§ Task goal: Each line from the one holding "ERC-4337 session keys diagram" to the last line below must be written out exactly, with no other output.

Stored items
────────

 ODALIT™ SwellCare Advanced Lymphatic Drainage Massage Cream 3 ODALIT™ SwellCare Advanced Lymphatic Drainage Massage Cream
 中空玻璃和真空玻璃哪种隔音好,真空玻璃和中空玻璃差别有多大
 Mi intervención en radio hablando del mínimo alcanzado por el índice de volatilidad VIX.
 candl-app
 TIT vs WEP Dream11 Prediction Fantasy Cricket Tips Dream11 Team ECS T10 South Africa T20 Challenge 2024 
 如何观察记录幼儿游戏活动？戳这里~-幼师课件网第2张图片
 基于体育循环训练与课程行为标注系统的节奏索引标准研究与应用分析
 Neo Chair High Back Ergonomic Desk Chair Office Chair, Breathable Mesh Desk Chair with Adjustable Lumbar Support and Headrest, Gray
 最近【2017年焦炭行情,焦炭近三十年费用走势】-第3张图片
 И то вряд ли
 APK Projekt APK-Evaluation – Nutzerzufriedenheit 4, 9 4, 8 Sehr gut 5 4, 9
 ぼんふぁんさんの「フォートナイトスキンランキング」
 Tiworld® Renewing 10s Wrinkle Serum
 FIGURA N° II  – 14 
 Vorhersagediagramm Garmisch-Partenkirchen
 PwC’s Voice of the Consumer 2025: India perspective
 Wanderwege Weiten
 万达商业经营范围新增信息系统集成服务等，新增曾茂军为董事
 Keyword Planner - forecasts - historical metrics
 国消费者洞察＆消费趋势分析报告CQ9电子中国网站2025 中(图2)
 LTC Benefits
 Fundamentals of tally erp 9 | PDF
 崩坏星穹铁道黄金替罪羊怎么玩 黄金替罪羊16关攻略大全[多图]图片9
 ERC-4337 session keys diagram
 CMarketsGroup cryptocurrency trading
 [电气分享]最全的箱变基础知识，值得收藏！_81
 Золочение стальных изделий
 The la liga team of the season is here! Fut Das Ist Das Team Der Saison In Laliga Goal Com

────────

§ Written solution:
 ERC-4337 session keys diagram
 CMarketsGroup cryptocurrency trading
 [电气分享]最全的箱变基础知识，值得收藏！_81
 Золочение стальных изделий
 The la liga team of the season is here! Fut Das Ist Das Team Der Saison In Laliga Goal Com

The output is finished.